→ **The problem**:
Exclude the pictures, then copy all remaining records exactly.

──────

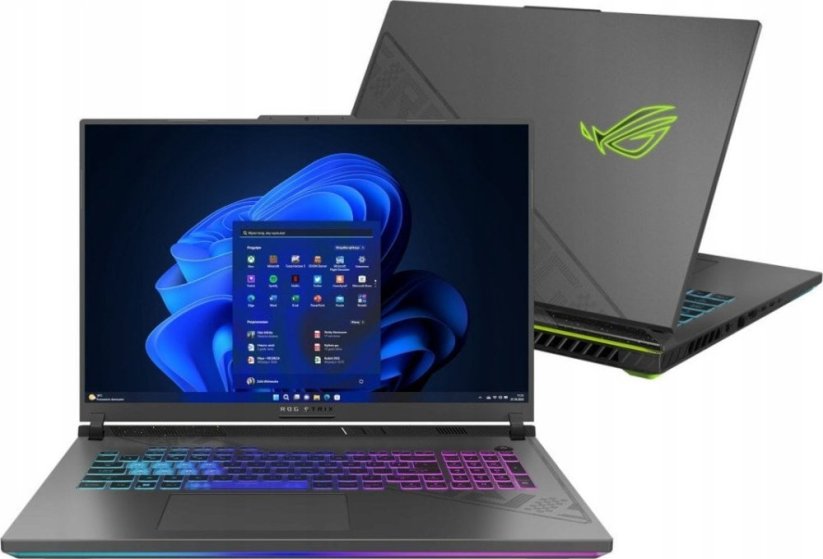 Asus Notebook ASUS ROG Strix G18 G814JI-N6106W i9-13980HX 18" WQXGA 240Hz 16GB 1000SSD RTX4070 W11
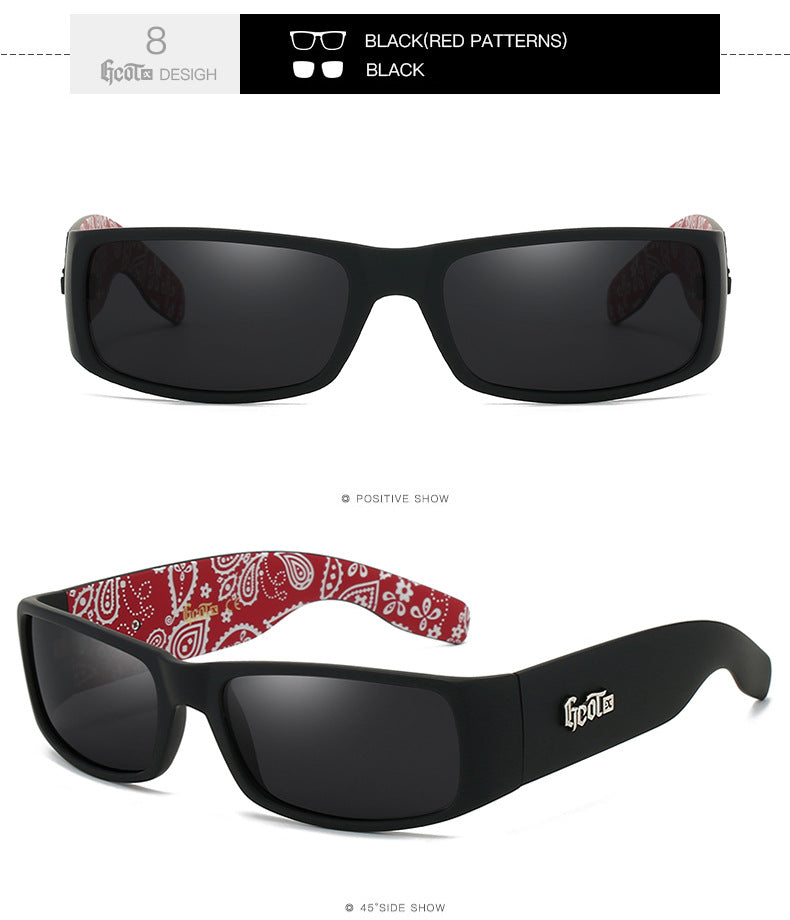 Fashion Brand Plaid Hip Hop Fashion West Coast Polarized Lunettes de soleil
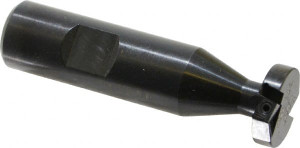 Cutting Tool Technologies 0.89" Cut Diam, 1/4" Cut Width, Indexable Keyseat Cutter Takes 2 Inserts, 1215 Insert Style, 2-7/8" Shank Length, 10° Axial Rake Angle, Weldon Flat W807 - 73156259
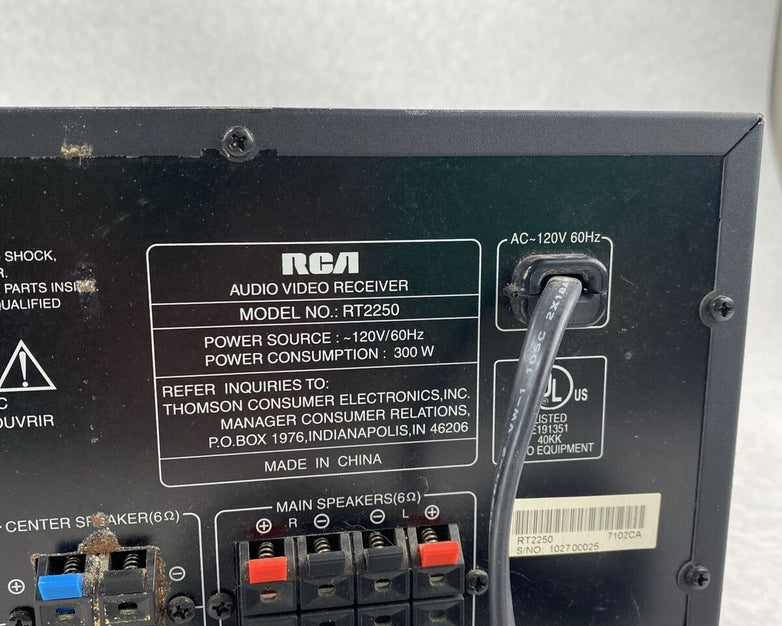 RCA RT2250 Home Theater 300W 5.1 Surround Sound Stereo Receiver
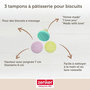 Voir la diapositive 4 : ZENKER Ensemble de tampon pour biscuits Zenker Smart Pastry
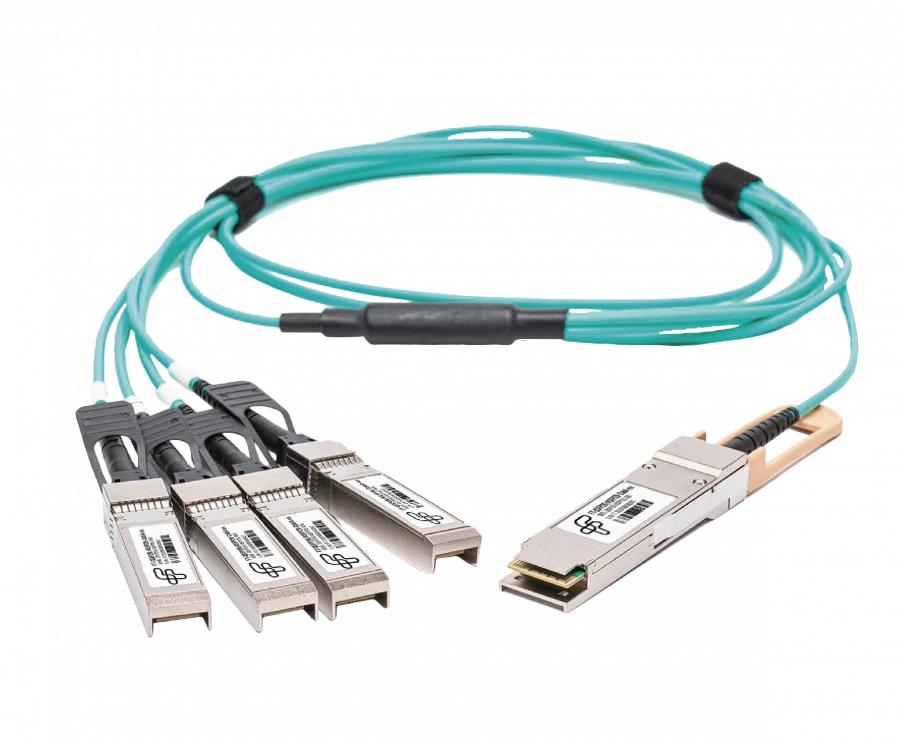 FT-QSFP28/4SFP28-CabP-AWGXX-X Cable Assemblies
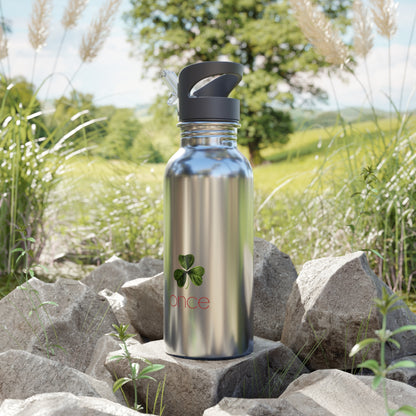 Once Stainless Steel Water Bottle With Straw, 20oz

──────

→ **Solution to this task**:
 Asus Notebook ASUS ROG Strix G18 G814JI-N6106W i9-13980HX 18" WQXGA 240Hz 16GB 1000SSD RTX4070 W11
 Fashion Brand Plaid Hip Hop Fashion West Coast Polarized Lunettes de soleil
 Cutting Tool Technologies 0.89" Cut Diam, 1/4" Cut Width, Indexable Keyseat Cutter Takes 2 Inserts, 1215 Insert Style, 2-7/8" Shank Length, 10° Axial Rake Angle, Weldon Flat W807 - 73156259
 RCA RT2250 Home Theater 300W 5.1 Surround Sound Stereo Receiver
 Voir la diapositive 4 : ZENKER Ensemble de tampon pour biscuits Zenker Smart Pastry
 FT-QSFP28/4SFP28-CabP-AWGXX-X Cable Assemblies
 Once Stainless Steel Water Bottle With Straw, 20oz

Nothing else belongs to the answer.